Splitting Your Data

It’s some Data Science 101 stuff to split your data out in order to validate the performance of your model. Thankfully, sklearn comes with some pretty robust batteries-included approaches do doing that.

Load a Dataset

Here we’ll use the Iris Dataset

from sklearn.datasets import load_iris

data = load_iris()
data.keys()
dict_keys(['data', 'target', 'frame', 'target_names', 'DESCR', 'feature_names', 'filename'])
X = data['data']
y = data['target']
X.shape, y.shape
((150, 4), (150,))

Vanilla Split

from sklearn.model_selection import train_test_split

Say we wanted to split our data 7030, we’d just use the test_size=0.3 argument.
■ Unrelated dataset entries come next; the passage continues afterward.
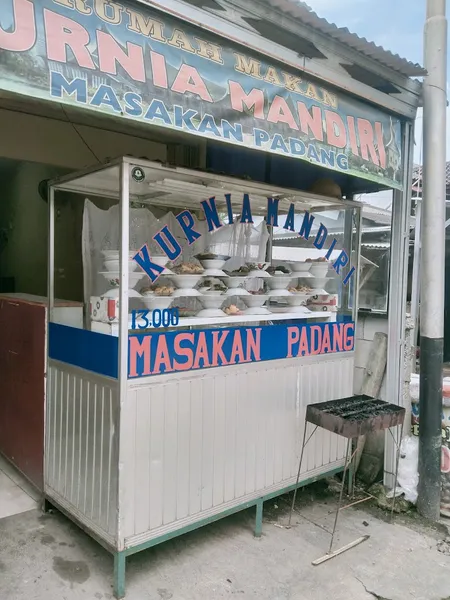 Rumah Makan Kurnia Mandiri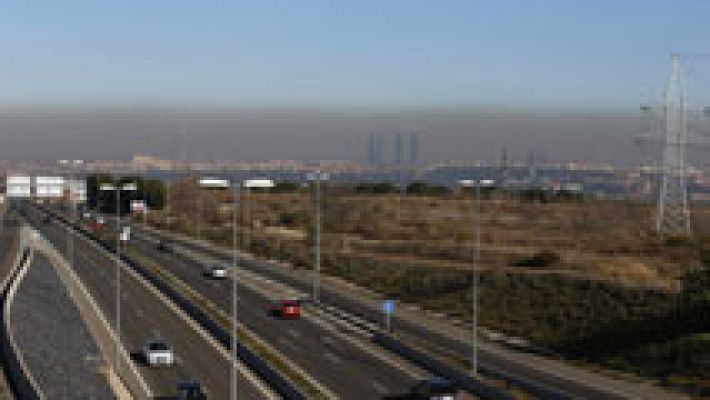 Informativo de Madrid - El tiempo en la Comunidad de Madrid - 08/01/15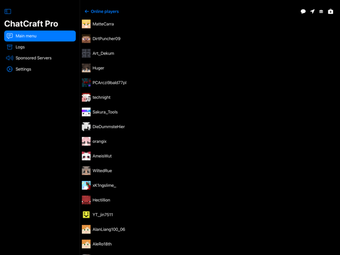 Image 2 for ChatCraft Pro for Minecra…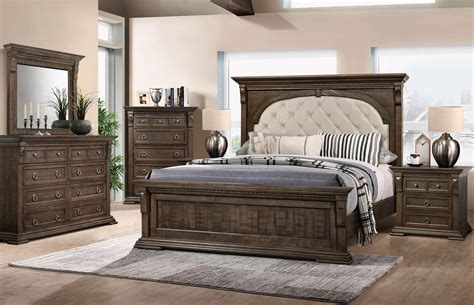 Alamo Bedroom - Furniture Mart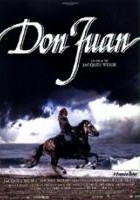 plakat filmu Don Juan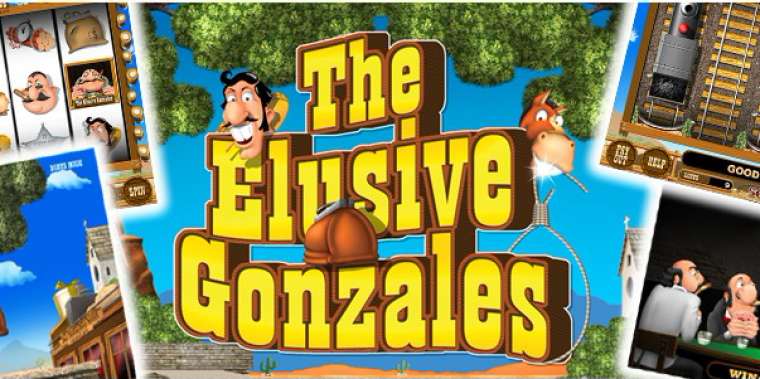 Play The Elusive Gonzales pokie NZ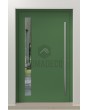 LIM C15 - Energieeffiziente Außentür aus Aluminium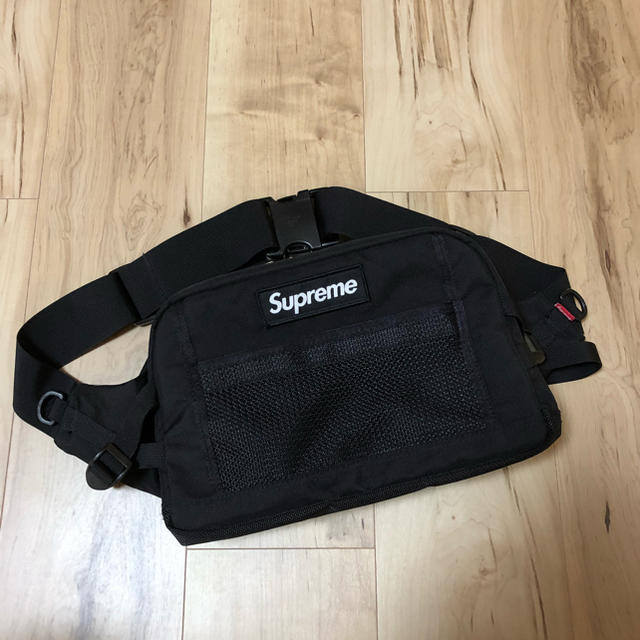 Supreme 15AW Contour Hip Bag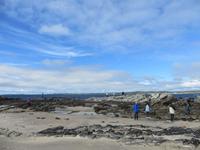 Atlantikküste in Donegal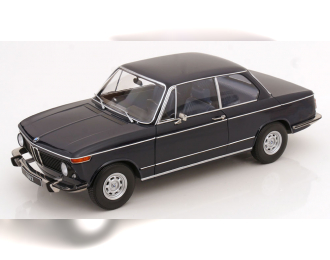 BMW 1602 2 Series (1974), darkblue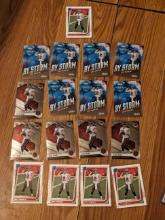 x17 Kyle trask rookie lot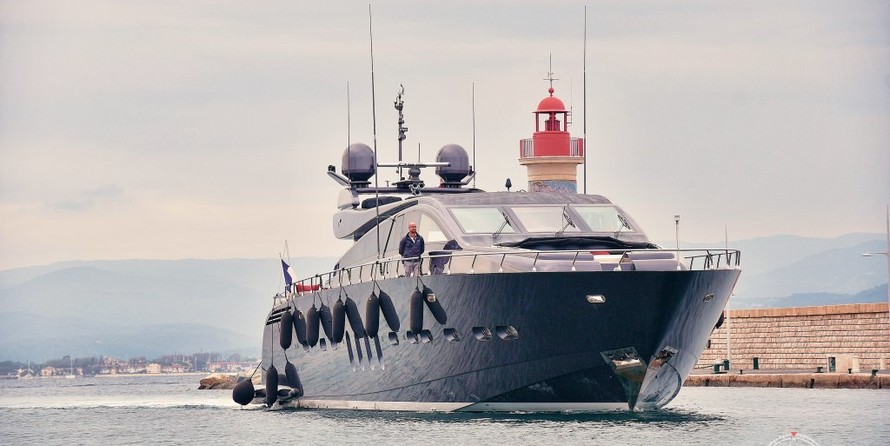 Léopard 31 open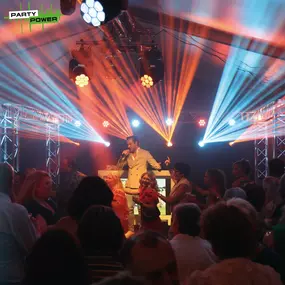 Bild von PartyPower | Compleet evenementenbureau voor bedrijf, bruiloft & festival.
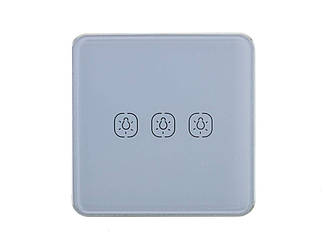 Пульт управління Zigbee SEVEN HOME S-4044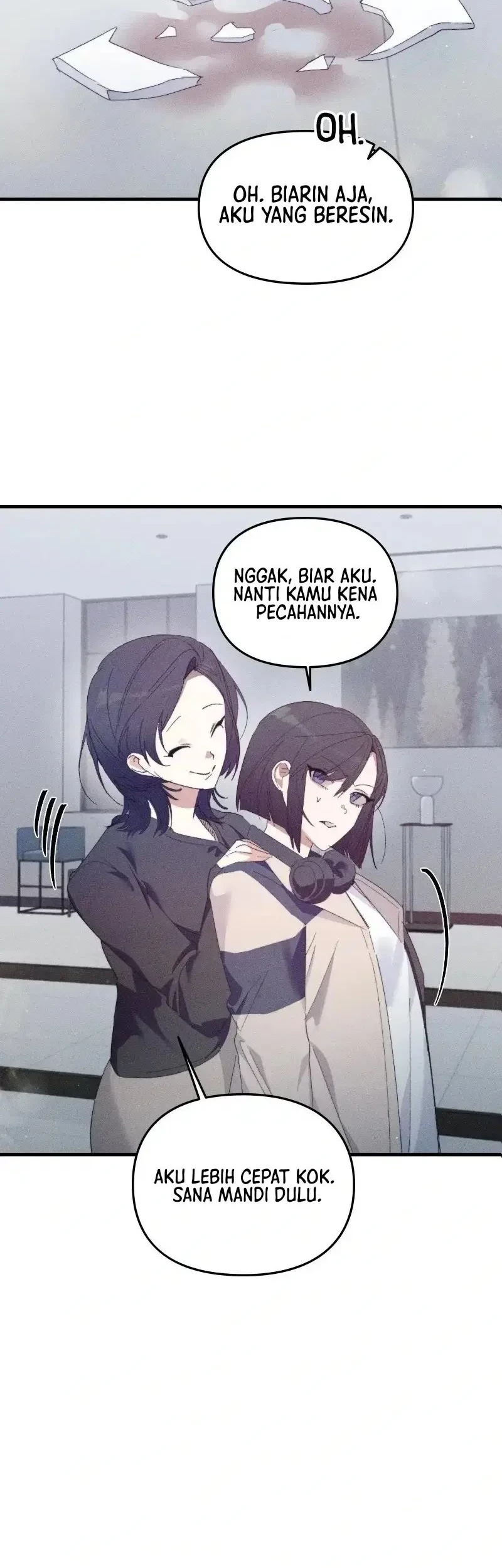 The New Hire Is the Demon Lord Chapter 48 - Halaman 23
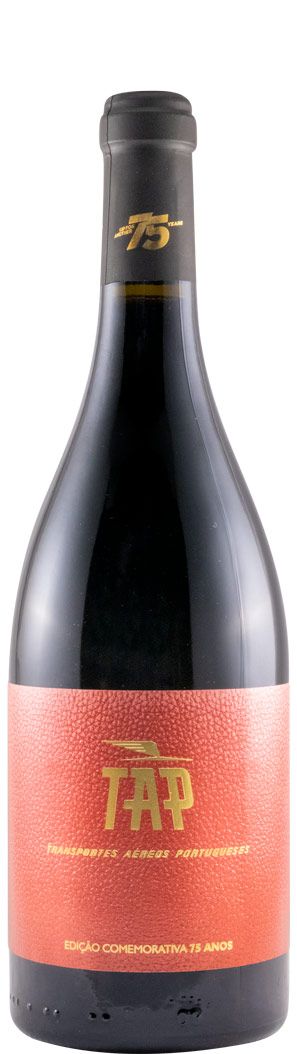 Set Quinta do Gradil Edição Comemorativa 75 Anos TAP red 5x75cl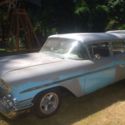 1958 Chevy Yeoman 2 Door Wagon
X_train, X_test, y_train, y_test = train_test_split(X, y, test_size=0.3)
[arr.shape for arr in train_test_split(X, y, test_size=0.3)]
[(105, 4), (45, 4), (105,), (45,)]

But this pre-supposes that we’ve already broken our data out into X and y. What if instead, we started with a table of data and wanted to preserve it as such.

import numpy as np

values = np.c_[X, y]
values.shape
(150, 5)

The train_test_split function can handle that just fine.
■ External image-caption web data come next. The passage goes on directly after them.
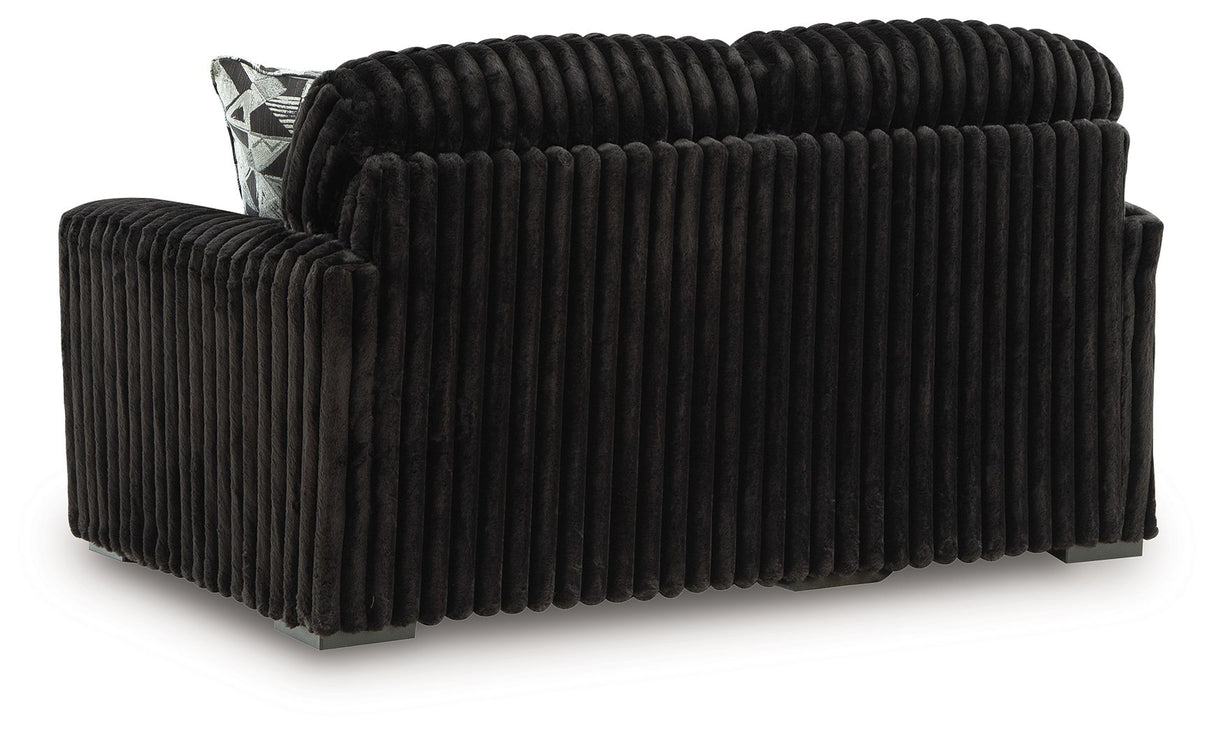 Midnight-Madness - Loveseat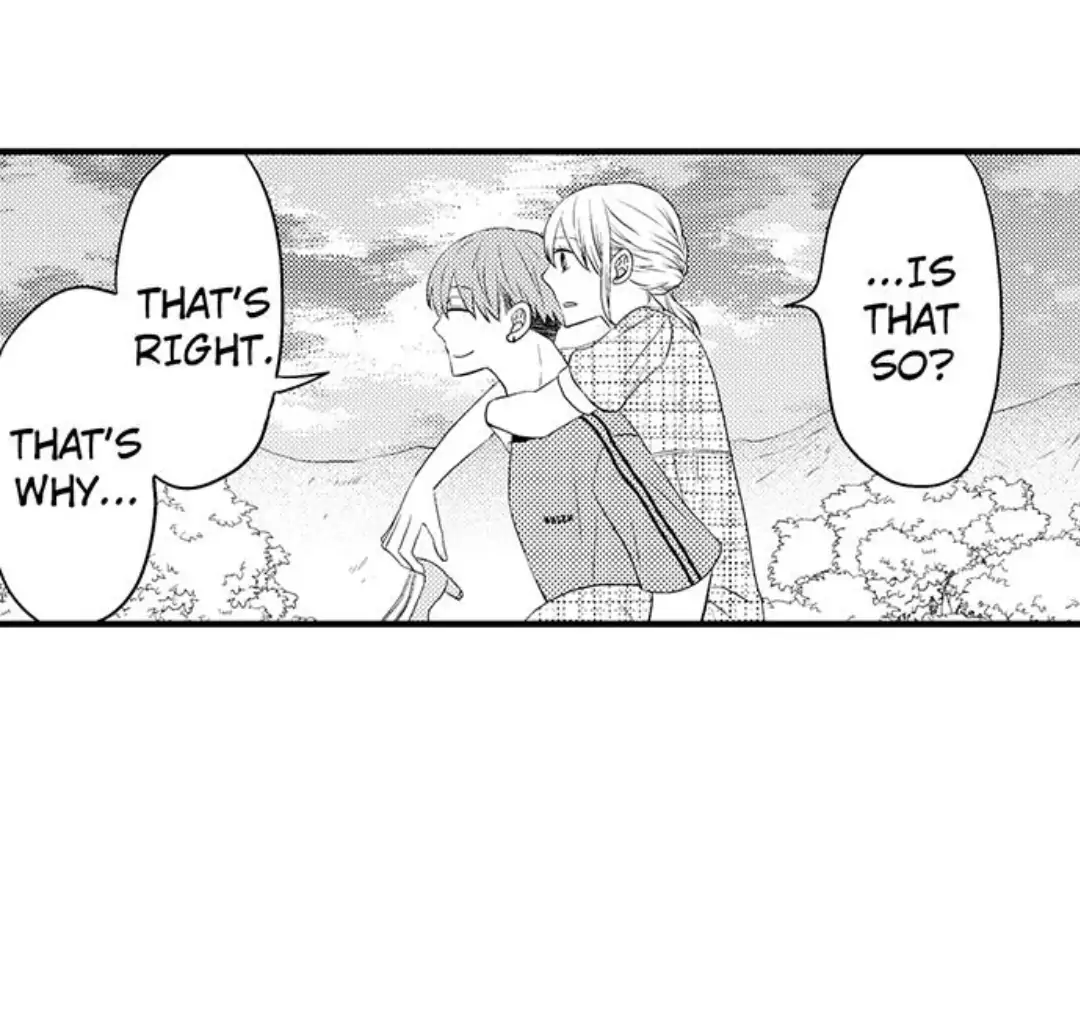 Shuumatsu, Renai Tsuki Second House de Aimashou Chapter 6 - page 14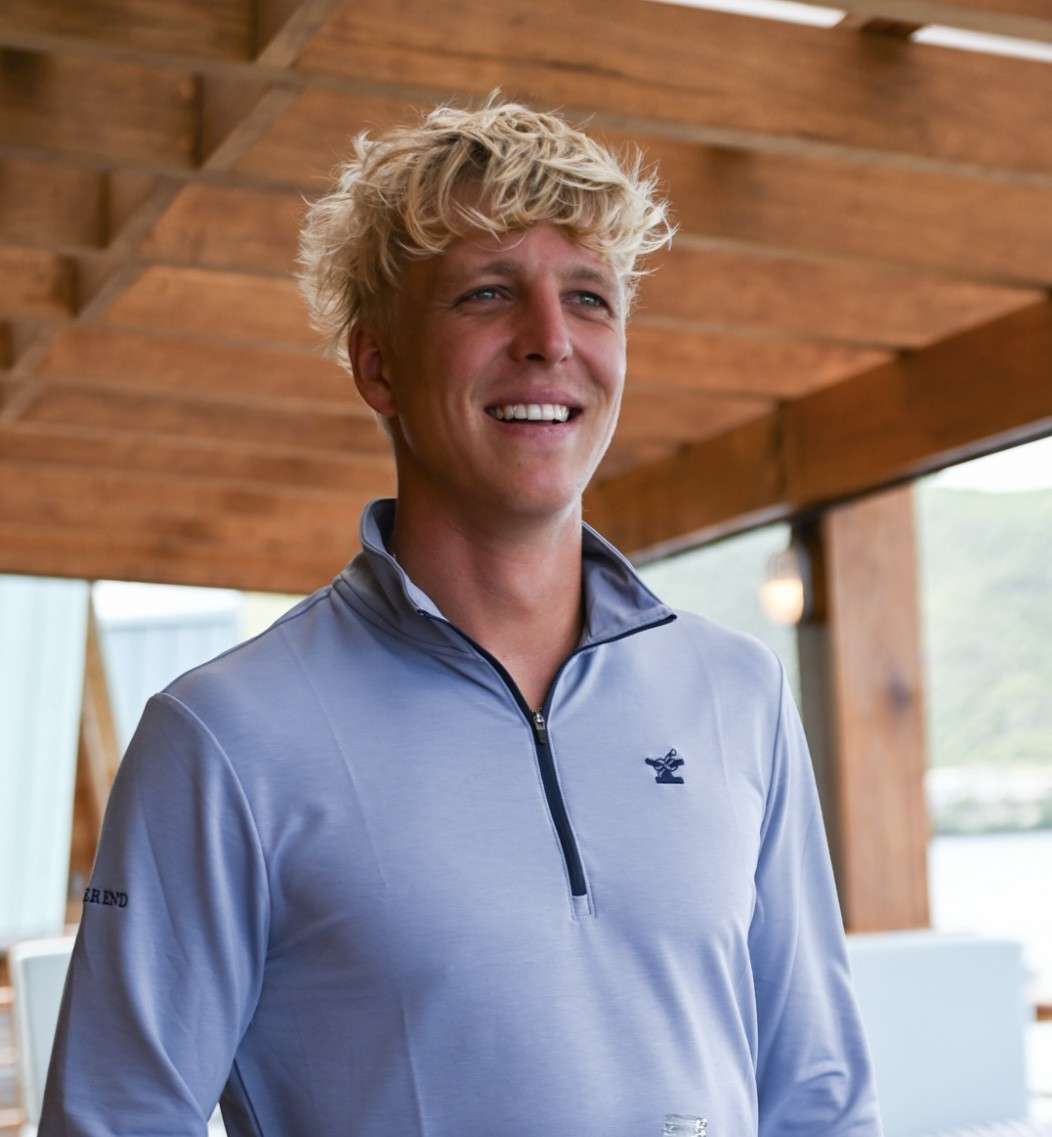 Captain Jonathan Anderson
train_values, test_values = train_test_split(values, test_size=0.3)
[arr.shape for arr in train_test_split(values)]
[(112, 5), (38, 5)]

Stratification

One thing to note, looking at this, is the effect of our sampling on each population. For instance, all-in, our base dataset has a perfectly equal distribution of each kind of flower.

import pandas as pd

features = ['x1', 'x2', 'x3', 'x4', 'flower']

df = pd.DataFrame(values, columns=features)
train_df = pd.DataFrame(train_values, columns=features)
test_df = pd.DataFrame(test_values, columns=features)
df['flower'].value_counts().sort_index()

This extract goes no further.